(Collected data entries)
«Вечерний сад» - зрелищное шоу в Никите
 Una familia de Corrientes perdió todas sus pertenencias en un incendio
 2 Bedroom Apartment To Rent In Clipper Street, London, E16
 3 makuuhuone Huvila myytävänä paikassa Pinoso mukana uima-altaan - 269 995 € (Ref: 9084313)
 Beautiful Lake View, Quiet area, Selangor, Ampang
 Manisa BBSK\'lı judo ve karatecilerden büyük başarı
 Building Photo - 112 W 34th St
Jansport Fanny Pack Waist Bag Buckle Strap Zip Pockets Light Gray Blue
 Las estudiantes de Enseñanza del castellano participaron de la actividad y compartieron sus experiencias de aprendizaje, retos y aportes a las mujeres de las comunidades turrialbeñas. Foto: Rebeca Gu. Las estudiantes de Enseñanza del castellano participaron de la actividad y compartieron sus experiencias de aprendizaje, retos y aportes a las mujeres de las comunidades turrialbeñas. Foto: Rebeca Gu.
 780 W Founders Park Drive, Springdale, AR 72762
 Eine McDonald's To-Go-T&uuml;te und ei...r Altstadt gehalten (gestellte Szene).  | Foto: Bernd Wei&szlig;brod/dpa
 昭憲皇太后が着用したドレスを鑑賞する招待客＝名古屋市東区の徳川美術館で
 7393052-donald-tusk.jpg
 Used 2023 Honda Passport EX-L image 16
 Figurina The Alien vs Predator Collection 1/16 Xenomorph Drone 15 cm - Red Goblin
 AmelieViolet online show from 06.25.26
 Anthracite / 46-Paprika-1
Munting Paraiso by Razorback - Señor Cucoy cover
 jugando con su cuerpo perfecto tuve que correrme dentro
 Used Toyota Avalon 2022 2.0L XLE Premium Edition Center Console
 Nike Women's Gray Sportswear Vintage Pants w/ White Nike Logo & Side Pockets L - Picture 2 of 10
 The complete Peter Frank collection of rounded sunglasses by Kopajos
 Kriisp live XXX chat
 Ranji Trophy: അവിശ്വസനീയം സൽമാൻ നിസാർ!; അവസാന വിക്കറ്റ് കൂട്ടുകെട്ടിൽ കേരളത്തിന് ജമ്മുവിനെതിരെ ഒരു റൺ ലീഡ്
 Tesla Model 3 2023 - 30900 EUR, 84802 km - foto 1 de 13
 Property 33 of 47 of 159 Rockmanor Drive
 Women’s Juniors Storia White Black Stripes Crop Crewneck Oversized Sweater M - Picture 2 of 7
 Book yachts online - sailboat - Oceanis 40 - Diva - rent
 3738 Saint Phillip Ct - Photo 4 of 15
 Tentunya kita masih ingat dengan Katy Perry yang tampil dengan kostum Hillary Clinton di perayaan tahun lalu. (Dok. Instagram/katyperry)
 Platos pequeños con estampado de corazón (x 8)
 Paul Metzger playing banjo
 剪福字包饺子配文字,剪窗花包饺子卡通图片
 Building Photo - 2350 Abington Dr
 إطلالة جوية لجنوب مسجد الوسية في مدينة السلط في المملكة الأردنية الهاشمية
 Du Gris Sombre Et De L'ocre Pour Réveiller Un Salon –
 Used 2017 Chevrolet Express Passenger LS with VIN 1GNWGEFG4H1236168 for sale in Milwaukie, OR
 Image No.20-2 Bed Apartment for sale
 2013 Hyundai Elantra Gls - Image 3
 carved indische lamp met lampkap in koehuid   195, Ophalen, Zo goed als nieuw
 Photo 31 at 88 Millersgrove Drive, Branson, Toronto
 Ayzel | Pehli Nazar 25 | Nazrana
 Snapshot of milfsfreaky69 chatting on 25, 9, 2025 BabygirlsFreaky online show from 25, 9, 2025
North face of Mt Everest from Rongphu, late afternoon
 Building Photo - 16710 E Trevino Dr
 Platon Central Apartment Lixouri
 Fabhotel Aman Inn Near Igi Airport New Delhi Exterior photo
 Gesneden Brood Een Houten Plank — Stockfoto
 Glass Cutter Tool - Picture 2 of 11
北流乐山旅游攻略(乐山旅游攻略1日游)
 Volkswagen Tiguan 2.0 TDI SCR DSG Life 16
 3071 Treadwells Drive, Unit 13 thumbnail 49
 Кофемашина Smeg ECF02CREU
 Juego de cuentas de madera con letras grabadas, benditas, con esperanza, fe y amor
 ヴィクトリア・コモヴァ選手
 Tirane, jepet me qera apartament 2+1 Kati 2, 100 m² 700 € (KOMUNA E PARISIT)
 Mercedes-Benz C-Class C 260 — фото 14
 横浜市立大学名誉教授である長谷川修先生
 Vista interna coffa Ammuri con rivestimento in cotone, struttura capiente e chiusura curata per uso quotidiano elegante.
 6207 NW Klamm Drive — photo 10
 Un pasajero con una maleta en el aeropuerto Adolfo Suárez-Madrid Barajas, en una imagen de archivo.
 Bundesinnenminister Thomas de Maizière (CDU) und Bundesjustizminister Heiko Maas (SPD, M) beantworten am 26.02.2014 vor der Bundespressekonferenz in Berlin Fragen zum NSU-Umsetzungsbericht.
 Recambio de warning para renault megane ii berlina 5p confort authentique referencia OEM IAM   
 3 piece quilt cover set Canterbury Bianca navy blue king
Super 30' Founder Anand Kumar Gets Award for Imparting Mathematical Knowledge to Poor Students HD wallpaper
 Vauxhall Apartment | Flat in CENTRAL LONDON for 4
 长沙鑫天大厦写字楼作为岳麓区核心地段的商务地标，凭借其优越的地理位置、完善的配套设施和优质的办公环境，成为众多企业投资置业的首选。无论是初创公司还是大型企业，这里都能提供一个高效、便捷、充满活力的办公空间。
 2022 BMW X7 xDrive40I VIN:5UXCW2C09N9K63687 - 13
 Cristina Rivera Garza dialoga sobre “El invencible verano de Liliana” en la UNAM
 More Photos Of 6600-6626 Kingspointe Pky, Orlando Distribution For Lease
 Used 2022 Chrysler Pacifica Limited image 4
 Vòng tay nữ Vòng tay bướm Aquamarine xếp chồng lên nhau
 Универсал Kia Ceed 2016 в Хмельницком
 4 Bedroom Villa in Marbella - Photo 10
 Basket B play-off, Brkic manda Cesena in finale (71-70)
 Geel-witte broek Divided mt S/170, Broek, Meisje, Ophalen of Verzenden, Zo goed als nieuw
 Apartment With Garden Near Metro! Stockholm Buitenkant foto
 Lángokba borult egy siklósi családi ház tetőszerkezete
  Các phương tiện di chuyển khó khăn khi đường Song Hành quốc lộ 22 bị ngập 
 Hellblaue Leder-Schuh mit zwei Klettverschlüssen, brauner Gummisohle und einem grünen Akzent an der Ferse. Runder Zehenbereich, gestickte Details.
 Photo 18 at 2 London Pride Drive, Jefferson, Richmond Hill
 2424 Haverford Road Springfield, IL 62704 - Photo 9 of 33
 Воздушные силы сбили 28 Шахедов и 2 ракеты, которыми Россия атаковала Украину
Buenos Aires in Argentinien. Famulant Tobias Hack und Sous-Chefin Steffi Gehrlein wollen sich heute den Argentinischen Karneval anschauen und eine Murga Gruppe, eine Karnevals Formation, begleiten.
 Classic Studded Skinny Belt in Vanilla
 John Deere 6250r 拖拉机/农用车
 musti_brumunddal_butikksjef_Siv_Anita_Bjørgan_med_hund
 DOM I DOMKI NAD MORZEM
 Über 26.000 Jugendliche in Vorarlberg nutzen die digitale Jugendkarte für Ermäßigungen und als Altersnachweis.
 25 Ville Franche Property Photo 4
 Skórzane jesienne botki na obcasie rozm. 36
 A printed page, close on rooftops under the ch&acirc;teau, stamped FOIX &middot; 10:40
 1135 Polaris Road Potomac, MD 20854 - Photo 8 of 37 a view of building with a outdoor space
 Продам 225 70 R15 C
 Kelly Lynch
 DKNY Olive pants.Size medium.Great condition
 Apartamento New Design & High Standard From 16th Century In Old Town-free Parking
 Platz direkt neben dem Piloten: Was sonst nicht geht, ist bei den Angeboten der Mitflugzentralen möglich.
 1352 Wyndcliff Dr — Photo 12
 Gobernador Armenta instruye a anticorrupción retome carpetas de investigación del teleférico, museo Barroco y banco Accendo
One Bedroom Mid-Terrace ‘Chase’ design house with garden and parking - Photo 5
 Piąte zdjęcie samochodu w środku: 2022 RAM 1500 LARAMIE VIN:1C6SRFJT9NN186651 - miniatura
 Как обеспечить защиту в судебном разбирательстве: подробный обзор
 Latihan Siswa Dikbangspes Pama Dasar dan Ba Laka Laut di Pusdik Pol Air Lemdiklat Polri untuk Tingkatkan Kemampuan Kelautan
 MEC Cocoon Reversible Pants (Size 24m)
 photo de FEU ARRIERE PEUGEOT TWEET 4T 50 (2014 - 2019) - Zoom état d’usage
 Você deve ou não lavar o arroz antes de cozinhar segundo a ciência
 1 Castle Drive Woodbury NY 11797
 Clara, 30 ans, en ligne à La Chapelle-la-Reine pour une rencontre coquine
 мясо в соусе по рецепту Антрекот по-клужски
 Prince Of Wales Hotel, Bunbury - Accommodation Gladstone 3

**Task prompt**. In the entries above, find the line with "Ranji Trophy: അവിശ്വസനീയം" and the line with "Volkswagen Tiguan 2.0 TDI SCR DSG Life 16", then restate word for word both of them and every line between, with nothing more.

**Answer**.
 Ranji Trophy: അവിശ്വസനീയം സൽമാൻ നിസാർ!; അവസാന വിക്കറ്റ് കൂട്ടുകെട്ടിൽ കേരളത്തിന് ജമ്മുവിനെതിരെ ഒരു റൺ ലീഡ്
 Tesla Model 3 2023 - 30900 EUR, 84802 km - foto 1 de 13
 Property 33 of 47 of 159 Rockmanor Drive
 Women’s Juniors Storia White Black Stripes Crop Crewneck Oversized Sweater M - Picture 2 of 7
 Book yachts online - sailboat - Oceanis 40 - Diva - rent
 3738 Saint Phillip Ct - Photo 4 of 15
 Tentunya kita masih ingat dengan Katy Perry yang tampil dengan kostum Hillary Clinton di perayaan tahun lalu. (Dok. Instagram/katyperry)
 Platos pequeños con estampado de corazón (x 8)
 Paul Metzger playing banjo
 剪福字包饺子配文字,剪窗花包饺子卡通图片
 Building Photo - 2350 Abington Dr
 إطلالة جوية لجنوب مسجد الوسية في مدينة السلط في المملكة الأردنية الهاشمية
 Du Gris Sombre Et De L'ocre Pour Réveiller Un Salon –
 Used 2017 Chevrolet Express Passenger LS with VIN 1GNWGEFG4H1236168 for sale in Milwaukie, OR
 Image No.20-2 Bed Apartment for sale
 2013 Hyundai Elantra Gls - Image 3
 carved indische lamp met lampkap in koehuid   195, Ophalen, Zo goed als nieuw
 Photo 31 at 88 Millersgrove Drive, Branson, Toronto
 Ayzel | Pehli Nazar 25 | Nazrana
 Snapshot of milfsfreaky69 chatting on 25, 9, 2025 BabygirlsFreaky online show from 25, 9, 2025
North face of Mt Everest from Rongphu, late afternoon
 Building Photo - 16710 E Trevino Dr
 Platon Central Apartment Lixouri
 Fabhotel Aman Inn Near Igi Airport New Delhi Exterior photo
 Gesneden Brood Een Houten Plank — Stockfoto
 Glass Cutter Tool - Picture 2 of 11
北流乐山旅游攻略(乐山旅游攻略1日游)
 Volkswagen Tiguan 2.0 TDI SCR DSG Life 16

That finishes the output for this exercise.